# [Your assignment]
Once you reach the line with "the risk of injury from the force of an", copy it and every line after it exactly, up to the end of the data. Omit the pictures.

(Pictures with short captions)
● ● ● ● ●
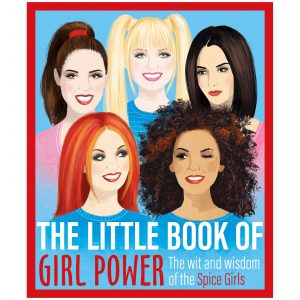 The Little Book of Girl Power Spice girls book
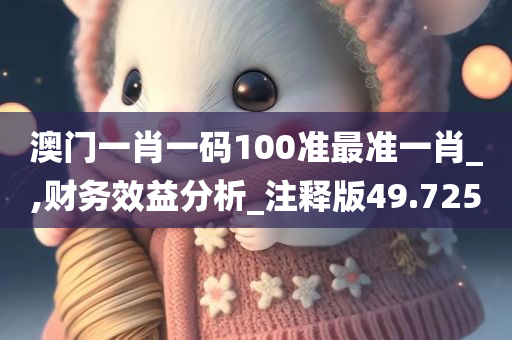 澳门一肖一码100准最准一肖_,财务效益分析_注释版49.725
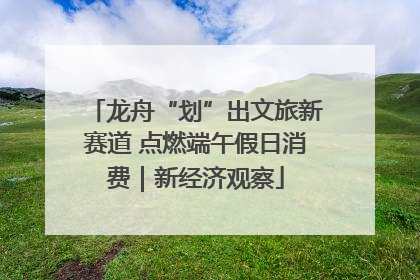 龙舟“划”出文旅新赛道 点燃端午假日消费｜新经济观察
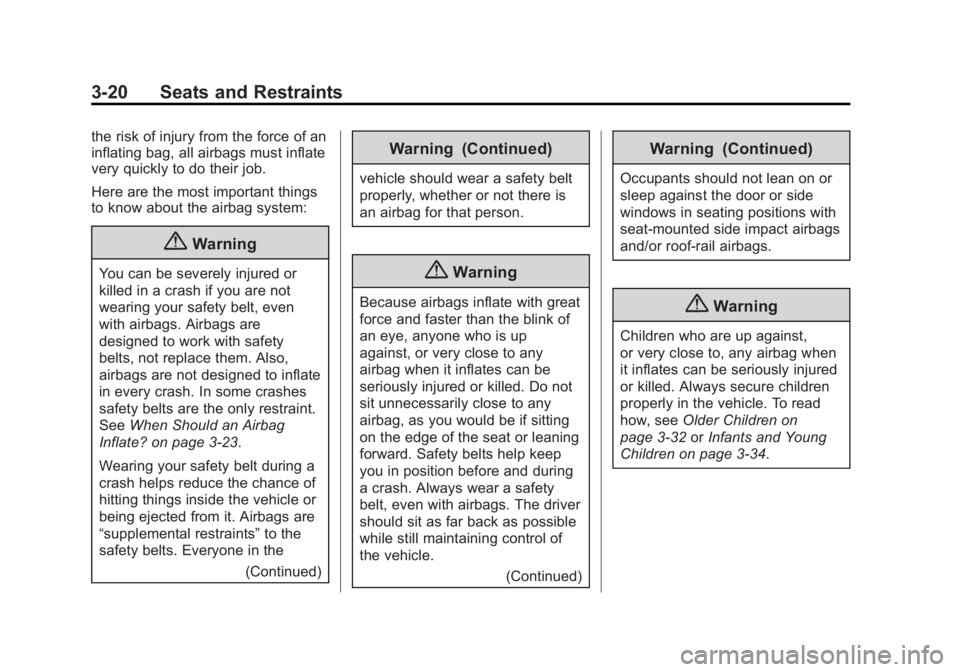 CADILLAC ATS 2014  Owners Manual Black plate (20,1)Cadillac ATS Owner Manual (GMNA-Localizing-U.S./Canada/Mexico-
6014430) - 2014 - 2nd Edition - 8/23/13
3-20 Seats and Restraints
the risk of injury from the force of an
inflating bag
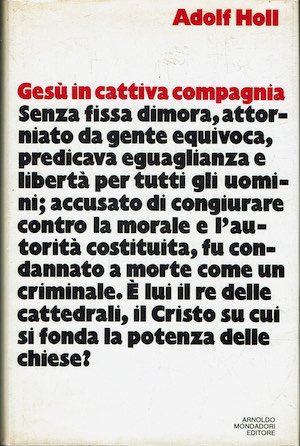 Gesù in cattiva compagnia.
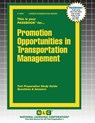 Promotion Opportunities in Transportation Management - Passbooks - 9781799348009
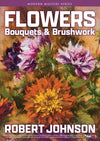 Robert A. Johnson: Flowers - Bouquets & Brushwork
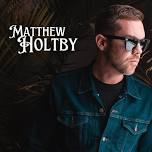 Matthew Holtby live at The Second Wedge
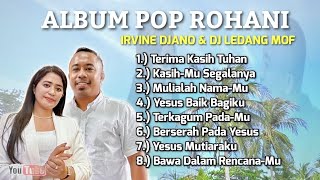 ALBUM POP ROHANI ( IRVINE DJANO & DJ LEDANG MOF ) - GERRSO MUSIKKA ❤️🎚️
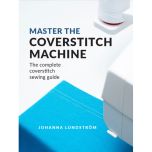 Master the Coverstitch Machine The Complete Coverstitch Sewing Guide by Johanna Lundstrom ebook (Download)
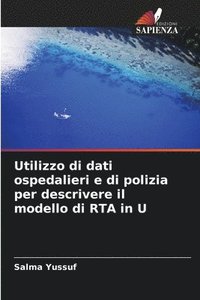 bokomslag Utilizzo di dati ospedalieri e di polizia per descrivere il modello di RTA in U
● ● ● ● ●
# [Exercise result]
the risk of injury from the force of an
inflating bag
 Gesù in cattiva compagnia.
 Promotion Opportunities in Transportation Management - Passbooks - 9781799348009
 Robert A. Johnson: Flowers - Bouquets & Brushwork
 Matthew Holtby live at The Second Wedge
 ALBUM POP ROHANI ( IRVINE DJANO & DJ LEDANG MOF ) - GERRSO MUSIKKA ❤️🎚️
 Master the Coverstitch Machine The Complete Coverstitch Sewing Guide by Johanna Lundstrom ebook (Download)
 bokomslag Utilizzo di dati ospedalieri e di polizia per descrivere il modello di RTA in U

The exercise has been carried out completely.